* TO DO
Would you reproduce each line below exactly, leaving every picture out?

────────────────────────────────────────

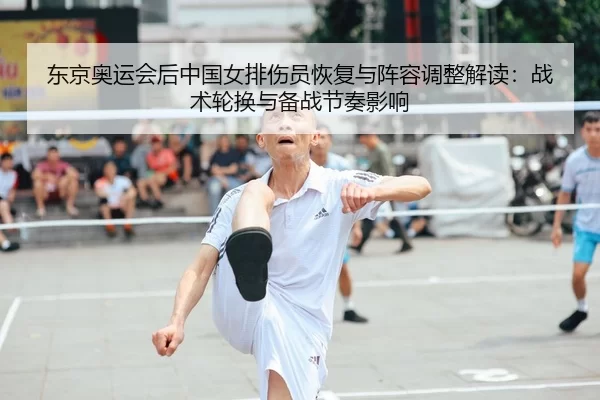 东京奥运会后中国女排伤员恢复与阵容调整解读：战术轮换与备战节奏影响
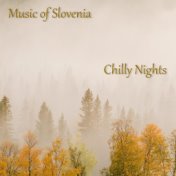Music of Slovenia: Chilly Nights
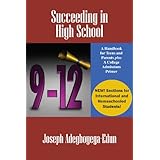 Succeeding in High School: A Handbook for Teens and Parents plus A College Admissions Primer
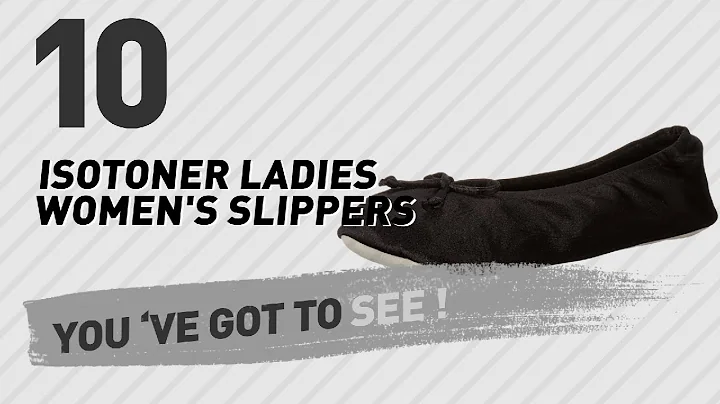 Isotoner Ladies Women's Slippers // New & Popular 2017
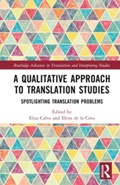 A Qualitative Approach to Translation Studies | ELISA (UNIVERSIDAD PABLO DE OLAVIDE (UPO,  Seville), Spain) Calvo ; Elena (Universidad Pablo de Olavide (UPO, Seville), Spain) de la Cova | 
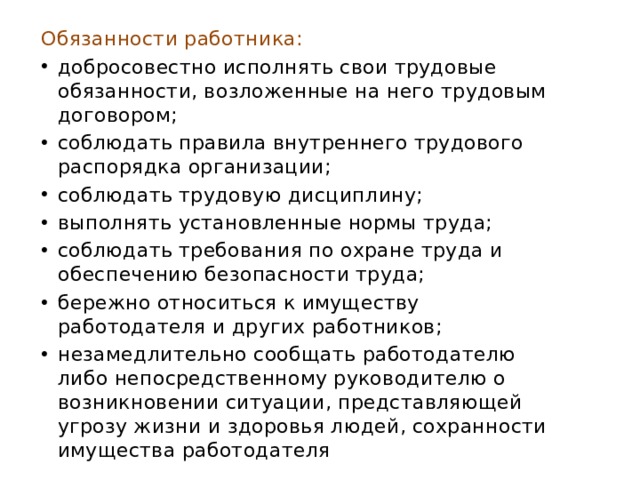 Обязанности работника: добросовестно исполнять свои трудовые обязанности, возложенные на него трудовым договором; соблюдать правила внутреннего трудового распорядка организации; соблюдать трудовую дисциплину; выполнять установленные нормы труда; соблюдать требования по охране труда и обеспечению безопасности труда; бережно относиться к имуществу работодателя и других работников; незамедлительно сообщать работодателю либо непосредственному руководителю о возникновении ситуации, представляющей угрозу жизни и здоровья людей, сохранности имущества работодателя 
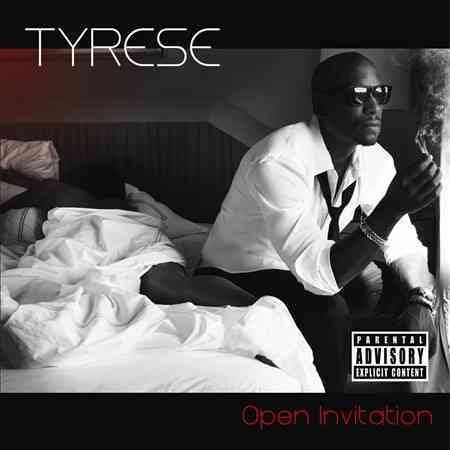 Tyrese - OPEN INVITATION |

────────────────────────────────────────

* RESPONSE TO THIS EXERCISE
 东京奥运会后中国女排伤员恢复与阵容调整解读：战术轮换与备战节奏影响
Music of Slovenia: Chilly Nights
 Succeeding in High School: A Handbook for Teens and Parents plus A College Admissions Primer
 Isotoner Ladies Women's Slippers // New & Popular 2017
 A Qualitative Approach to Translation Studies | ELISA (UNIVERSIDAD PABLO DE OLAVIDE (UPO,  Seville), Spain) Calvo ; Elena (Universidad Pablo de Olavide (UPO, Seville), Spain) de la Cova | 
 Обязанности работника: добросовестно исполнять свои трудовые обязанности, возложенные на него трудовым договором; соблюдать правила внутреннего трудового распорядка организации; соблюдать трудовую дисциплину; выполнять установленные нормы труда; соблюдать требования по охране труда и обеспечению безопасности труда; бережно относиться к имуществу работодателя и других работников; незамедлительно сообщать работодателю либо непосредственному руководителю о возникновении ситуации, представляющей угрозу жизни и здоровья людей, сохранности имущества работодателя 
 Tyrese - OPEN INVITATION |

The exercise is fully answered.